Crawled caption data:
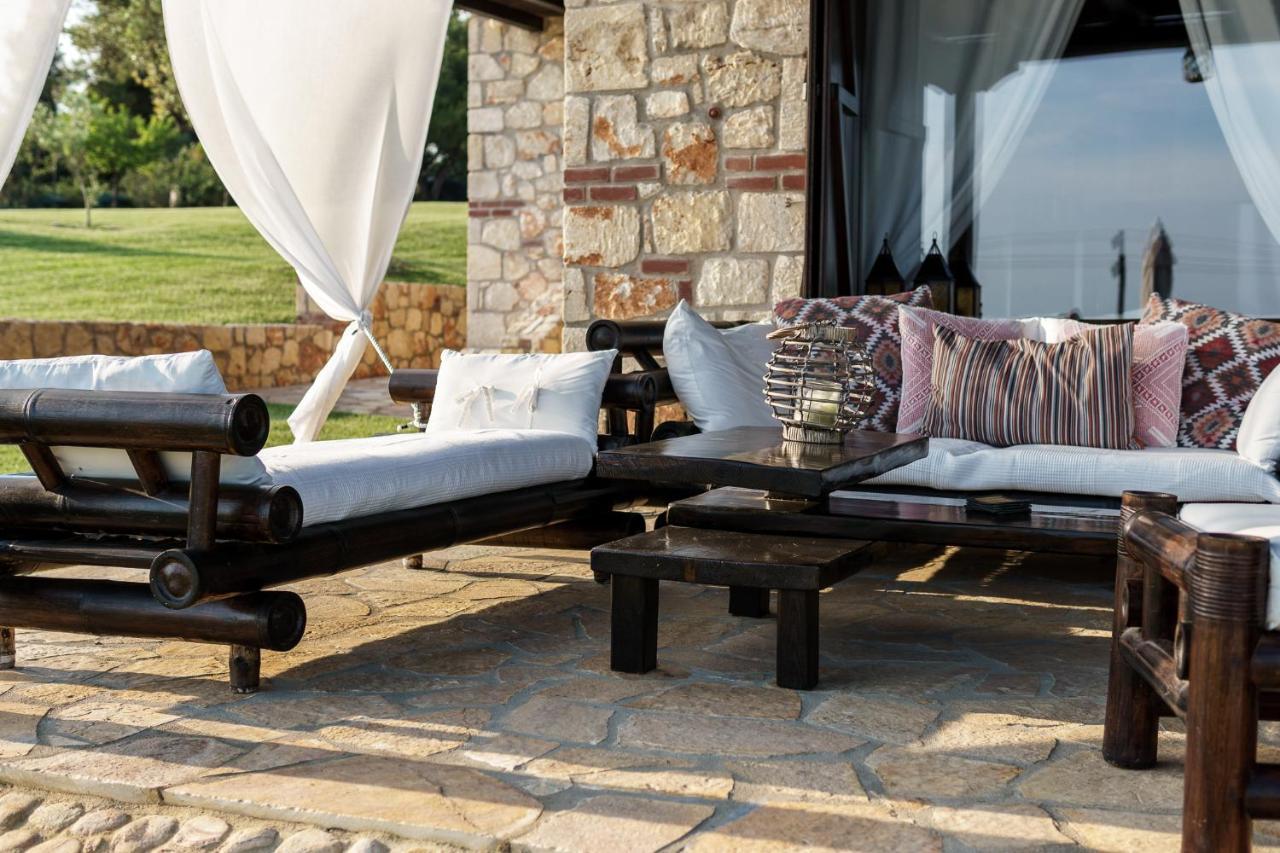 Sithonian Blue Royal Villa Nikiti (Sithonia) Exterior foto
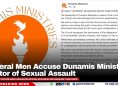 Several Men Accuse Dunamis Ministries Pastor of Sexual Assault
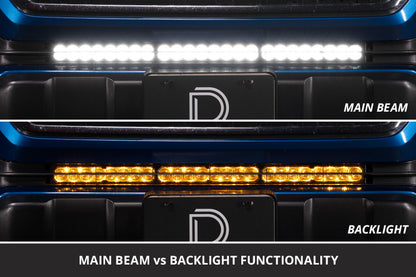 Diode Dynamics Tacoma 2016 Stealth SS30 Sport White Combo ABL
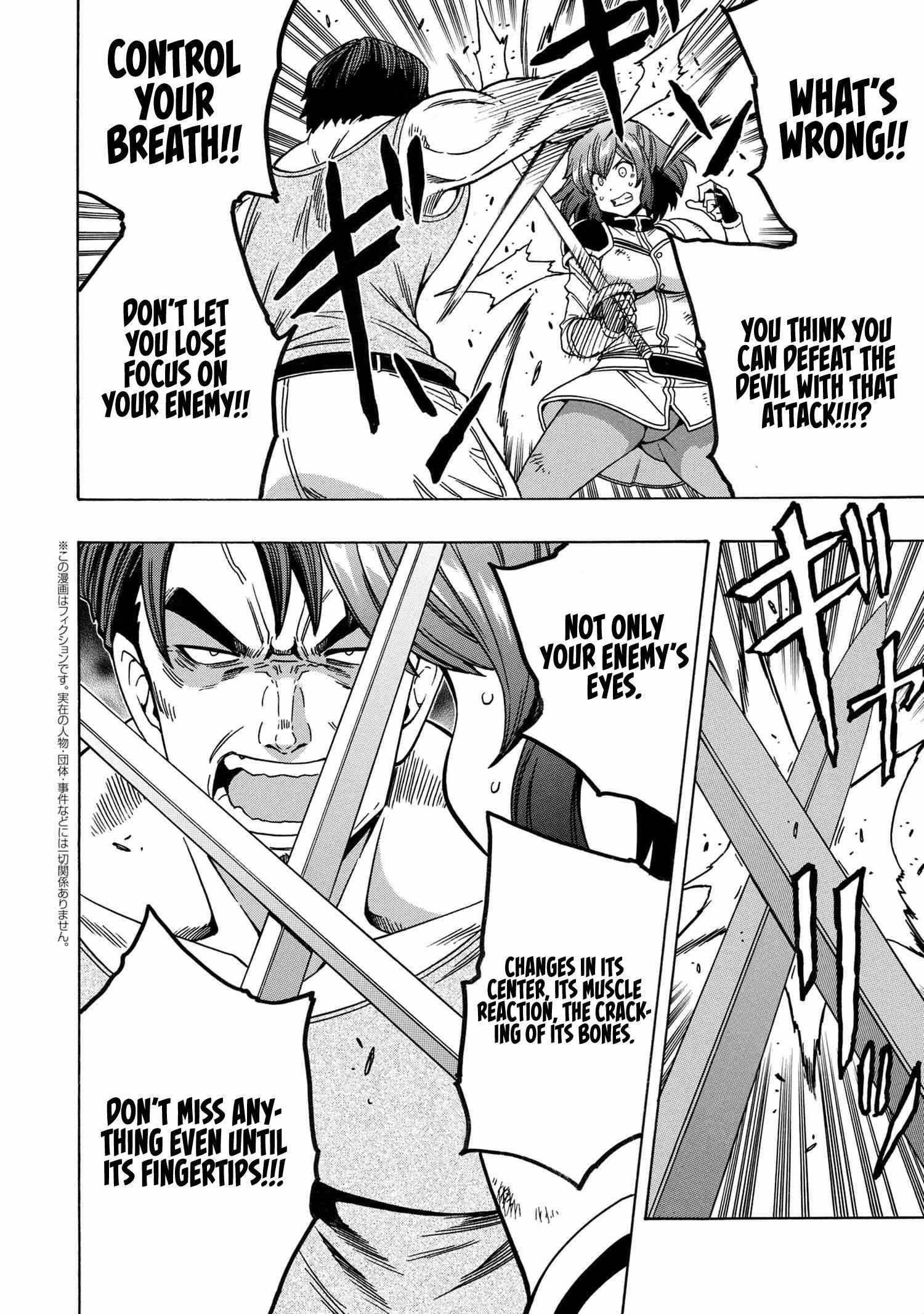 Read Kenja No Mago EN Manga Online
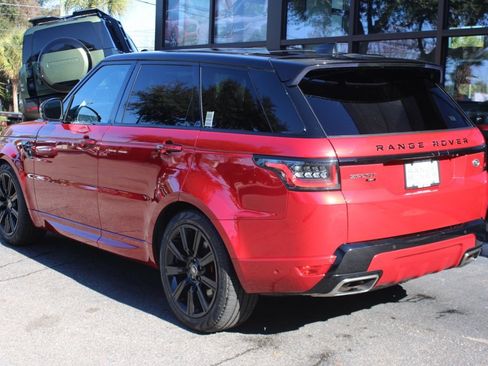 Used 2020 Land Rover Range Rover Sport HST image 9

TASK PROMPT: If the records contain pictures, skip them, and transcribe exactly every line from the one with "Diode Dynamics Tacoma" through the last line.

RESULT:
 Diode Dynamics Tacoma 2016 Stealth SS30 Sport White Combo ABL
 Read Kenja No Mago EN Manga Online
 Used 2020 Land Rover Range Rover Sport HST image 9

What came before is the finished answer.